**Task description:** Every line below from the one with "金字淡咸肉煮15分鐘，撈" through the one with "Shauna Dewit gallery photo #20" is to be repeated exactly, with no picture among them.

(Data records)
+--
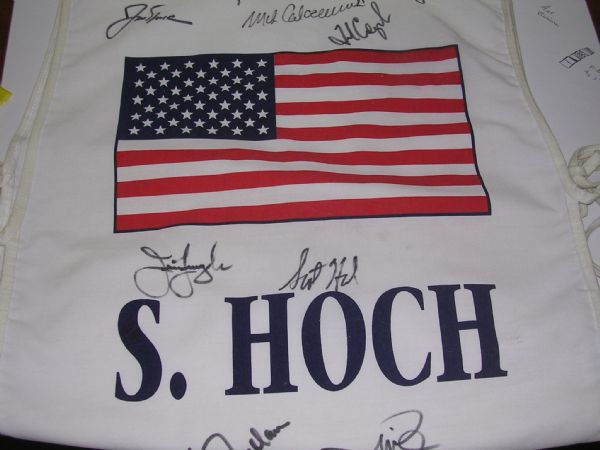 1998 Presidents Cup Championship used Scott Hoch Caddy Bib Team Signed! JSA COA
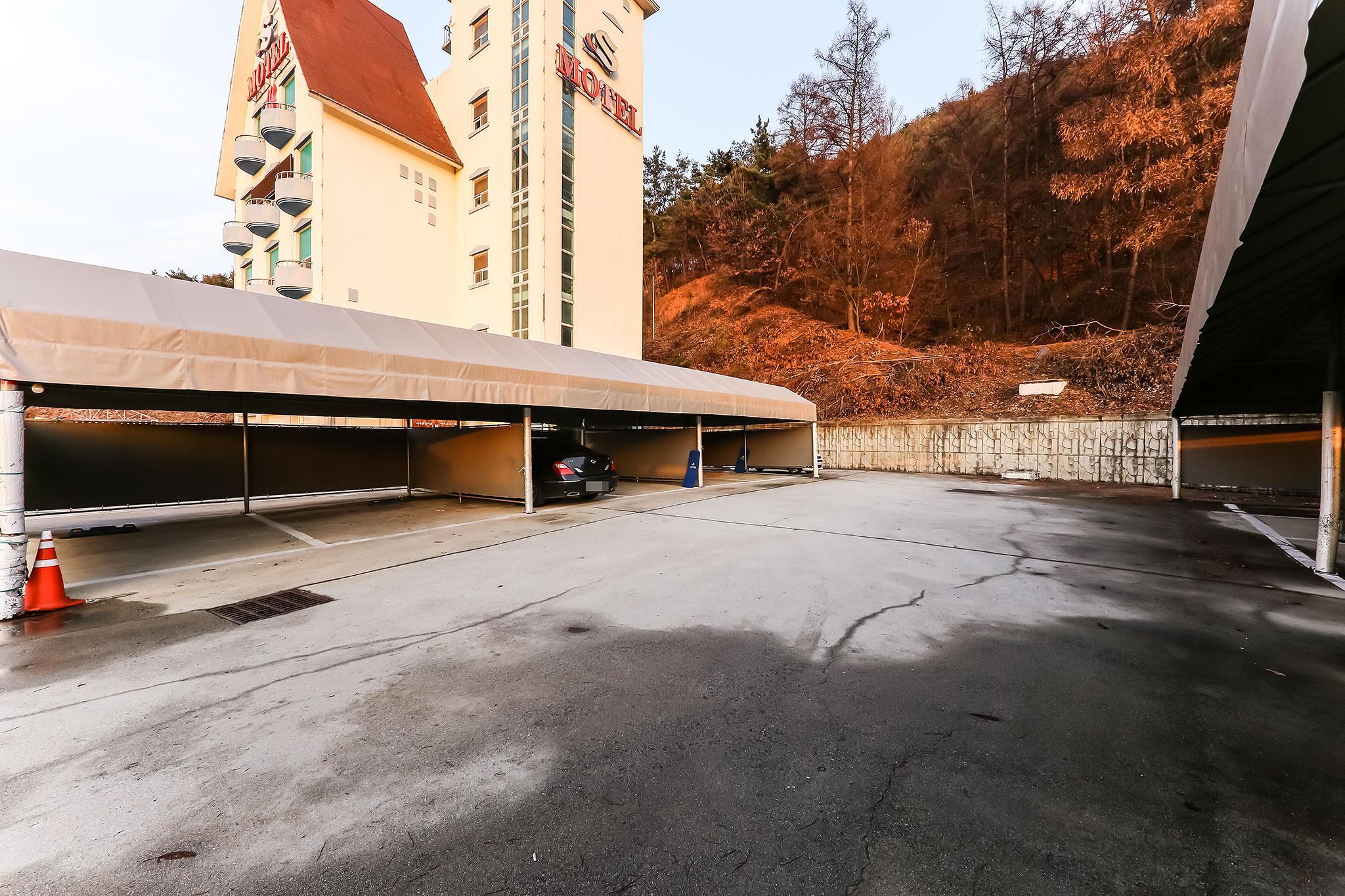 청주 초정약수 S (Cheongju Chojeongyaksu S)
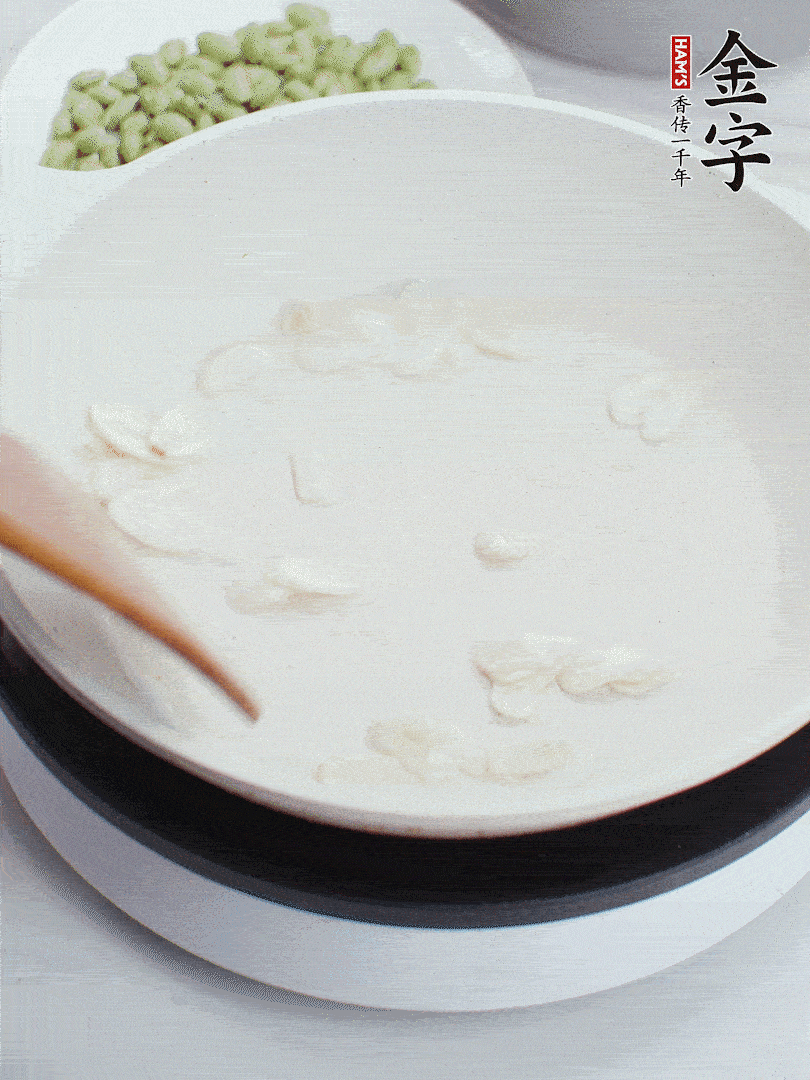 金字淡咸肉煮15分鐘，撈出切片。油5成熱時(shí)，蒜末、咸肉爆香。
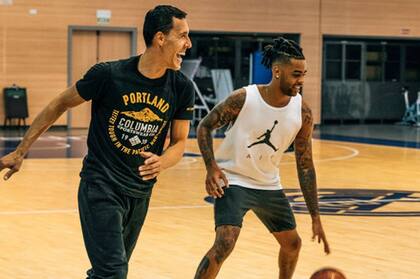 Pablo Prigioni y DAngelo Russell entrenándose en las instalaciones de Real Madrid; el cordobés secunda a Ryan Saunders en Minnesota Timberwolves.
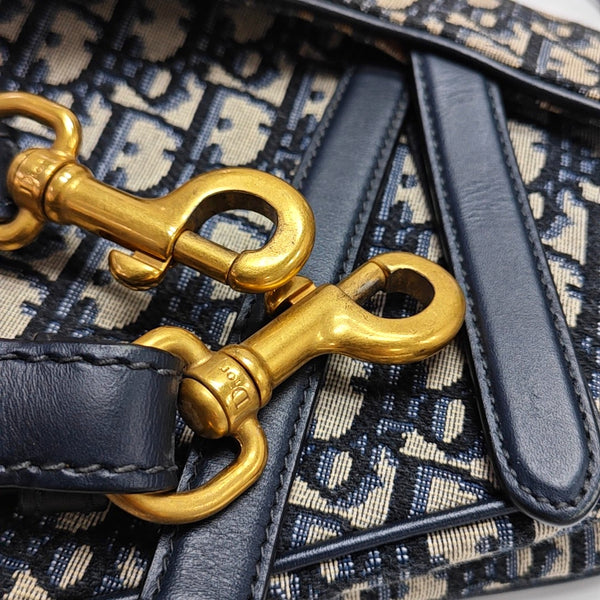 Authenticated pre-owned  Saddle Medium Monogram Canvas Blue - Shoulder Bag at Looply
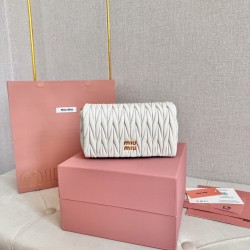 MiuMiu BAGS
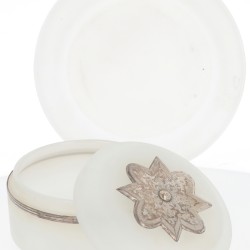 Koektrommel met onderschotel zilver.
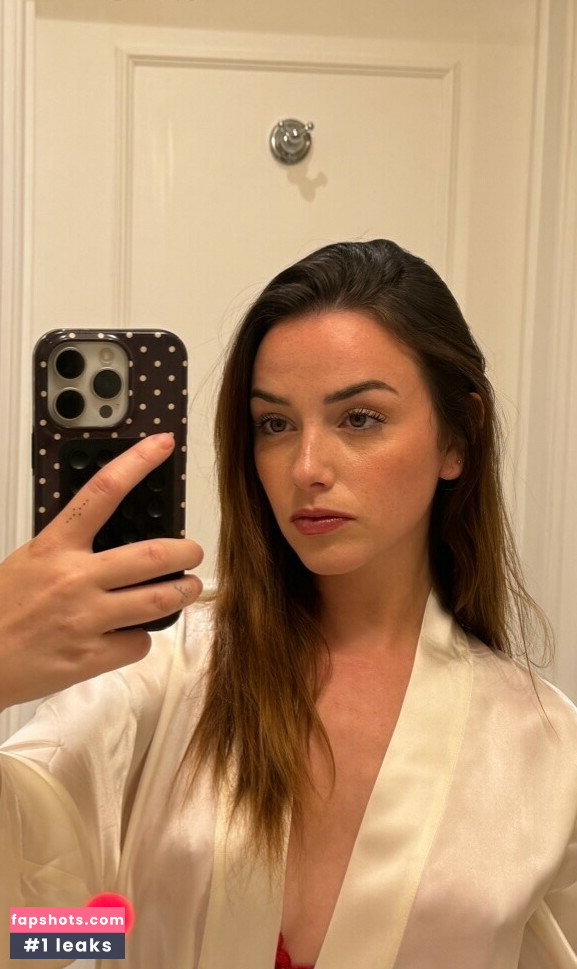 Shauna Dewit gallery photo #20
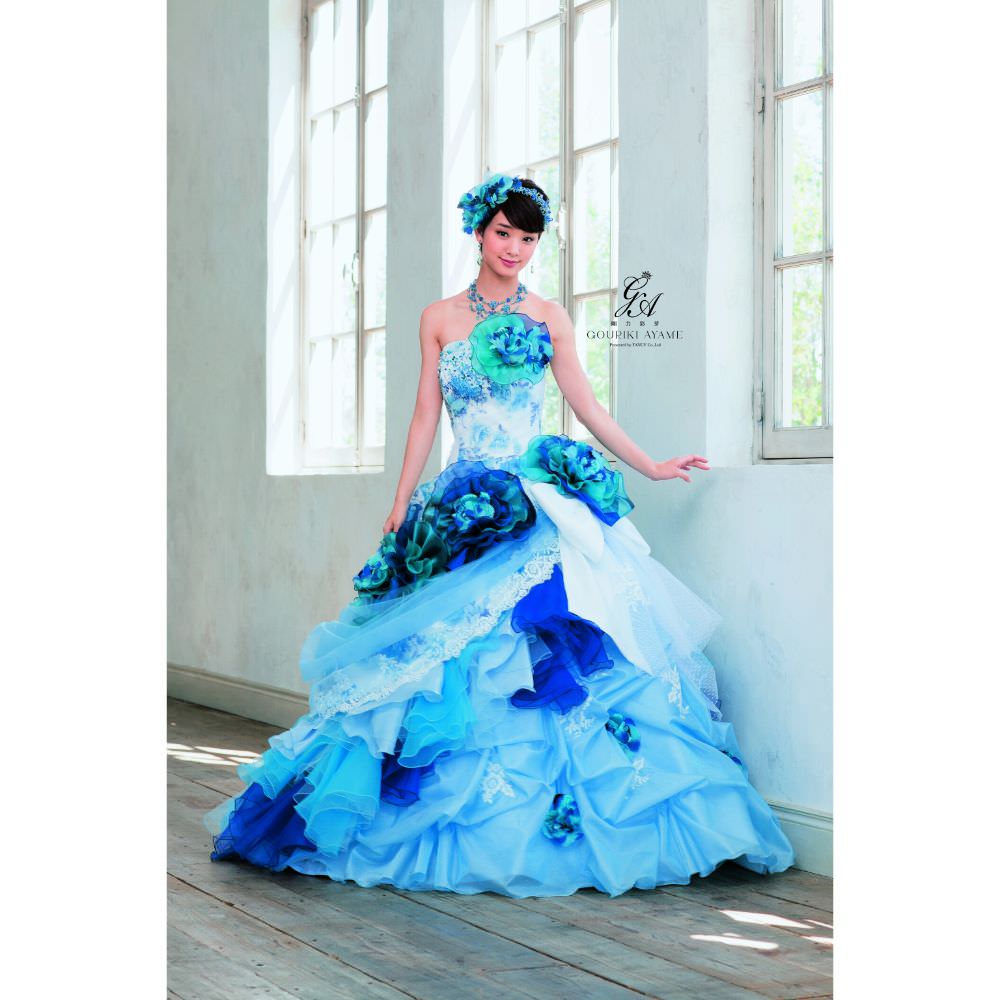 剛力彩芽 【結婚式 カラードレス レンタル】 – 結婚式準備サイトCORDY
+--
**Output:**
 金字淡咸肉煮15分鐘，撈出切片。油5成熱時(shí)，蒜末、咸肉爆香。
 Pablo Prigioni y DAngelo Russell entrenándose en las instalaciones de Real Madrid; el cordobés secunda a Ryan Saunders en Minnesota Timberwolves.
 Authenticated pre-owned  Saddle Medium Monogram Canvas Blue - Shoulder Bag at Looply
 MiuMiu BAGS
 Koektrommel met onderschotel zilver.
 Shauna Dewit gallery photo #20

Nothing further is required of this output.